- Born: 1968 (age 57–58) Milan, Italy
- Occupations: Director, Screenwriter
- Years active: 1995–present

= Michelangelo Frammartino =

Italian filmmaker

Michelangelo Frammartino (born 1968) is an Italian slow cinema filmmaker and professor. Most known for his critically acclaimed films Le quattro volte (2010) and Il buco (2021), for the latter he won the Special Jury Prize (3rd place) at the 78th Venice International Film Festival.

== Biography ==
Michelangelo Frammartino was born in Milan to Calabrian parents in 1968. In 1991 he enrolled in the Architecture Faculty of the Politecnico di Milano. Between 1994 and 1997 he attended Milan's film school, Civica Scuola del Cinema, for which he produced videoart installations and worked as a set designer for films and video clips. He also shot several short films: Tracce (1995), L'Occhio e lo Spirito (1997), BIBIM (1999), Scappa Valentina (2001), Io Non Posso Entrare (2002).

Since 2005 he has been teaching filmmaking at the University of Bergamo. In December 2013 he held a workshop at the University of Calabria.

His first feature Il Dono premiered at the 56th Locarno Film Festival in 2003. His following film Le quattro volte (2010) was selected at the Director's Fortnight in Cannes, where it won the Label Europa Cinema.

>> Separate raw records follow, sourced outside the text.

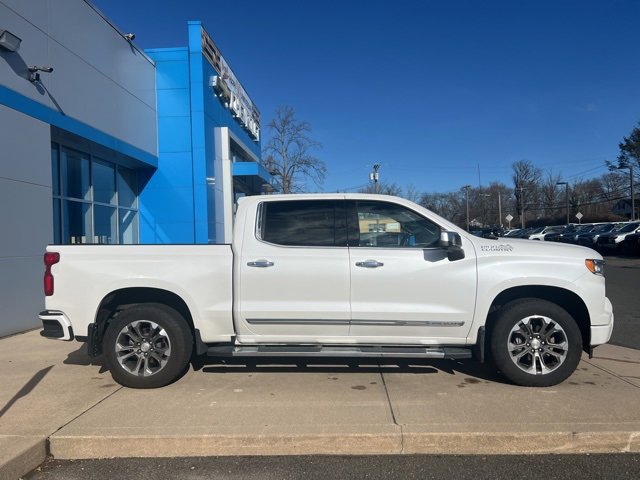 2024 Chevrolet Silverado 1500 High Country photo 2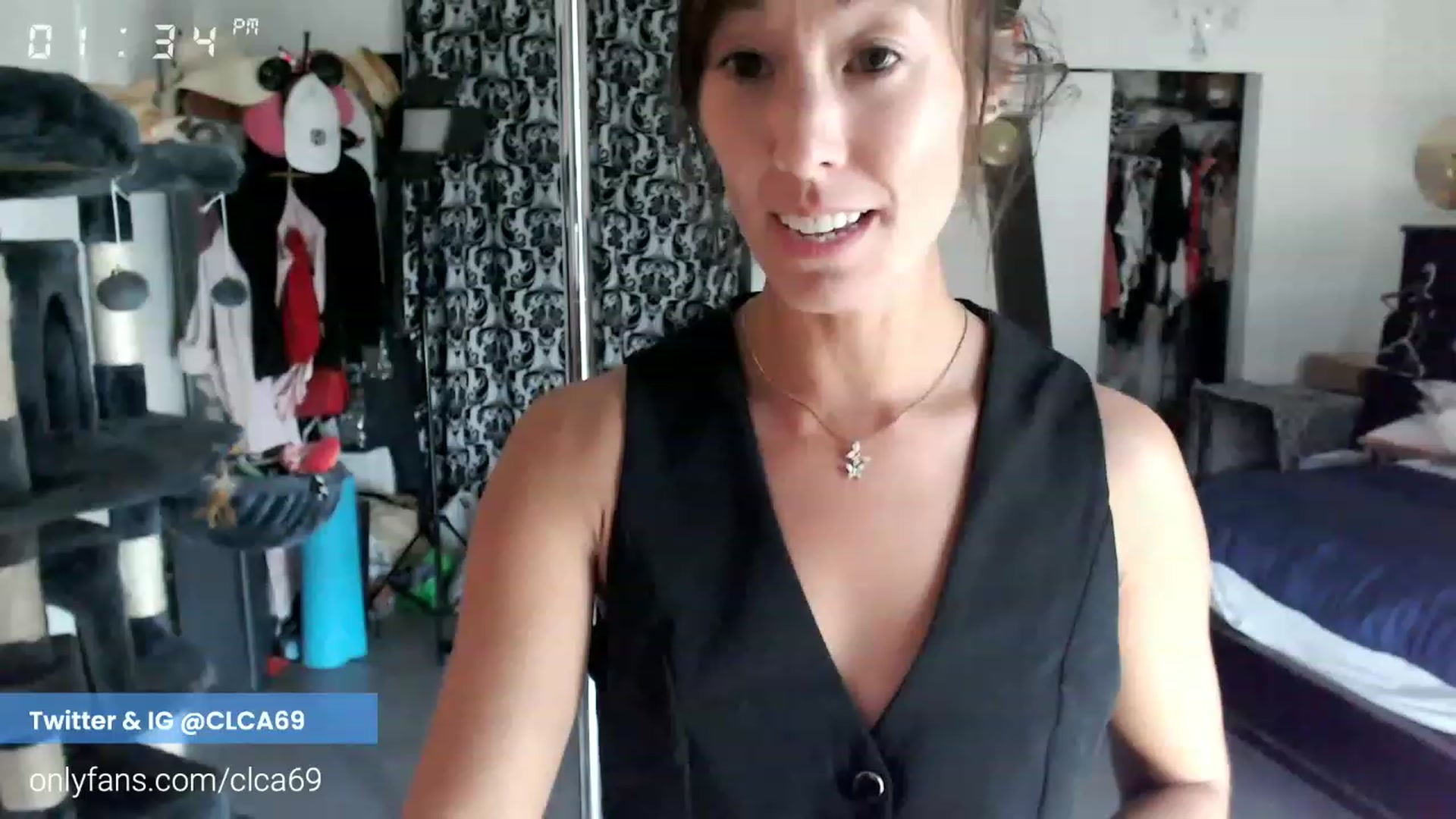 Gallery image thumbnail from Christy_Love's myfreecams stream on, 11/18/2022, 01:36 image 13 of 20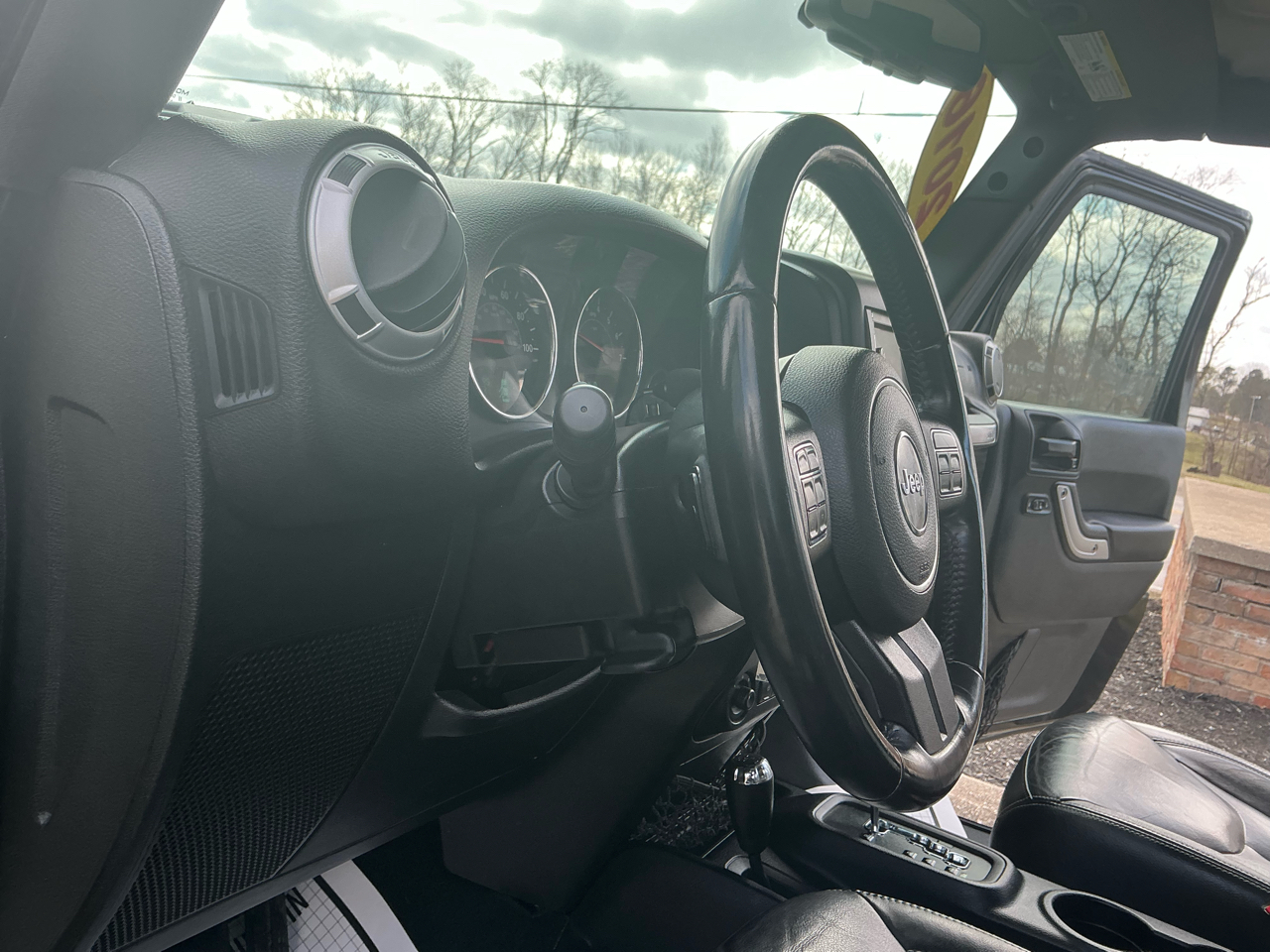 Jeep Wrangler Unlimited 4WD 4dr Sahara 2016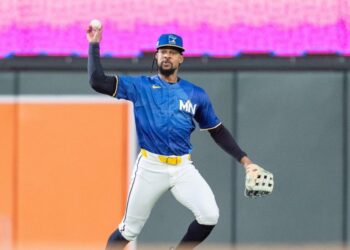 Twins' Byron Buxton in question ahead of rematch vs. Royals - Field Level Media - Professional sports content solutions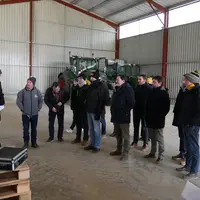 Les agriculteurs adhérents de Ceta se réunissent régulièrement pour visiter des installations agricoles ou en tours de plaines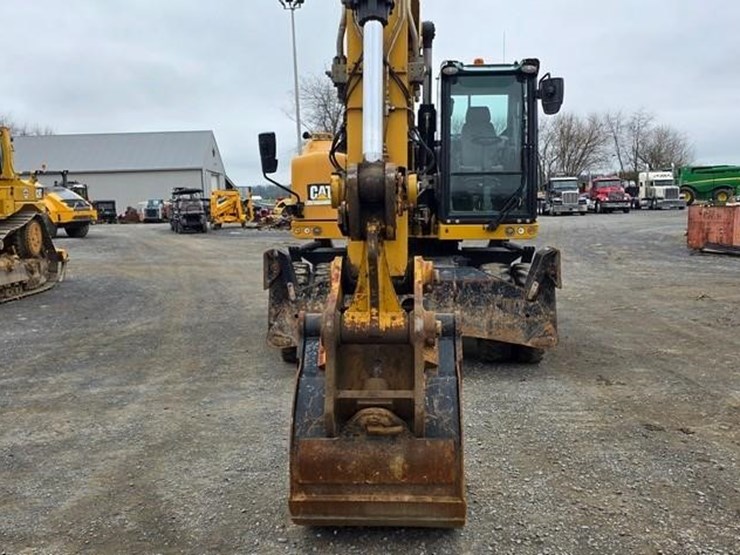 2018-caterpillar-m322f-image-50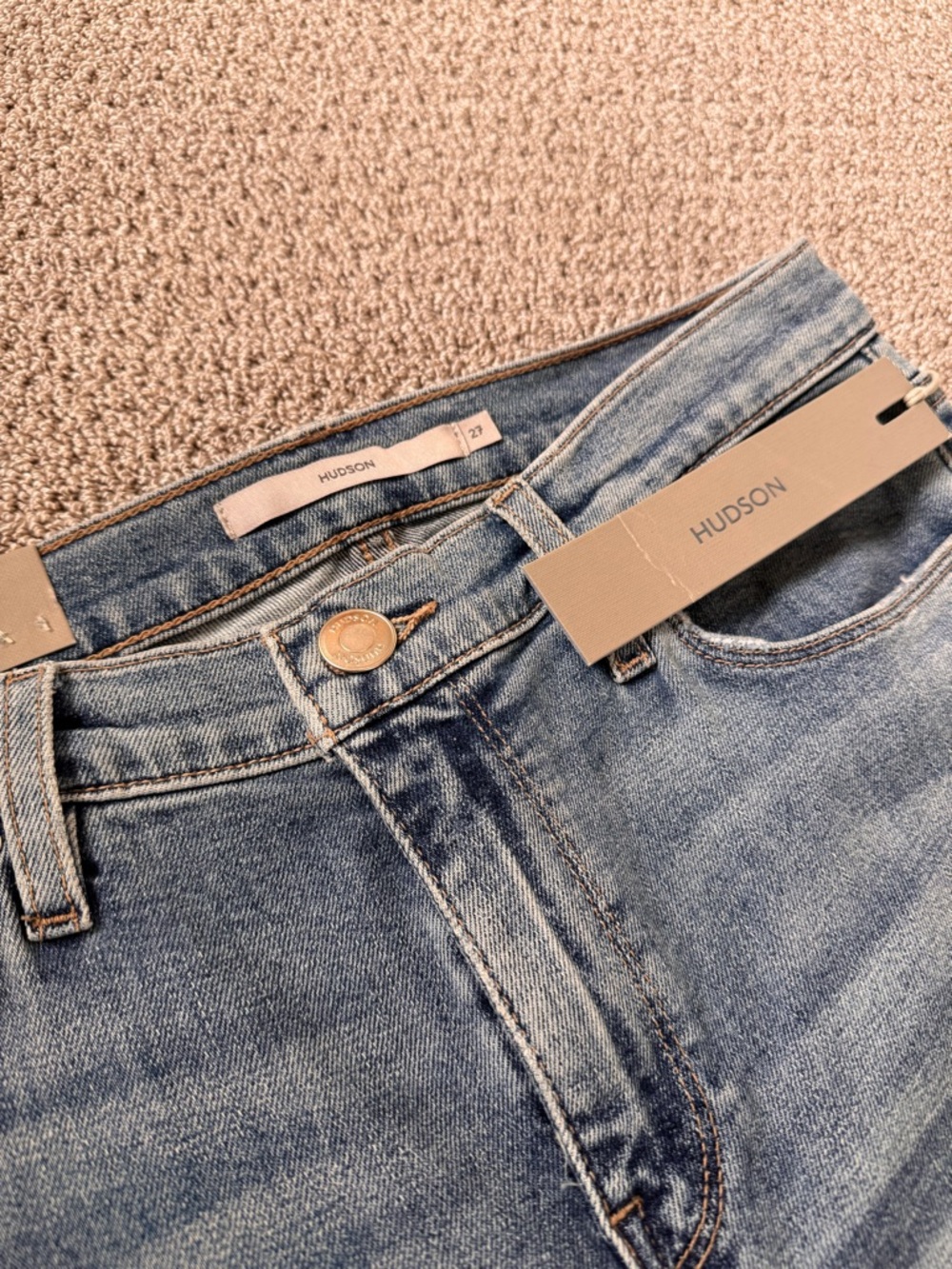 NWT Hudson ‘Nico’ Mid Rise Straight Light Blue Jeans with Front Slits Sz 27 - Picture 2 of 7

His 2021 film Il buco was selected for the main competition at the 78th Venice International Film Festival, where it received positive reviews and won the Special Jury Prize.

In the 2022 Sight and Sound critic's poll to determine the greatest films of all time, he voted for Journey to Italy, Paisan, Germany, Year Zero, Stromboli terra di Dio, Francesco Giullare di Dio, Europa '51, Fear, India, La Prise de Pouvoir Par Louis XIV, and Rome, Open City, all of which are directed by Roberto Rosselini.

== Filmography ==

=== Short films ===
- Tracce (1995)
- L'Occhio e lo Spirito (1997)
- BIBIM (1999) – co-directed with Cafi Mohamud
- Scappa Valentina (2001)
- Io Non Posso Entrare (2002)
- Alberi (2013)

=== Feature films ===
- Il Dono (2003)
- Le quattro volte (2010)
- Il buco (2021)

=== Installations ===
- Presenze s-connesse (1995)
- Ora (1995)
- La Casa delle Belle Addormentate (1997)
- Film (1998)
- Alberi (2013)
- Sguardi in Macchina (2013)

== Sources ==
- Lanfranchi, Alessandro (2016). "The Post-human Sound An Interview with Michelangelo Frammartino"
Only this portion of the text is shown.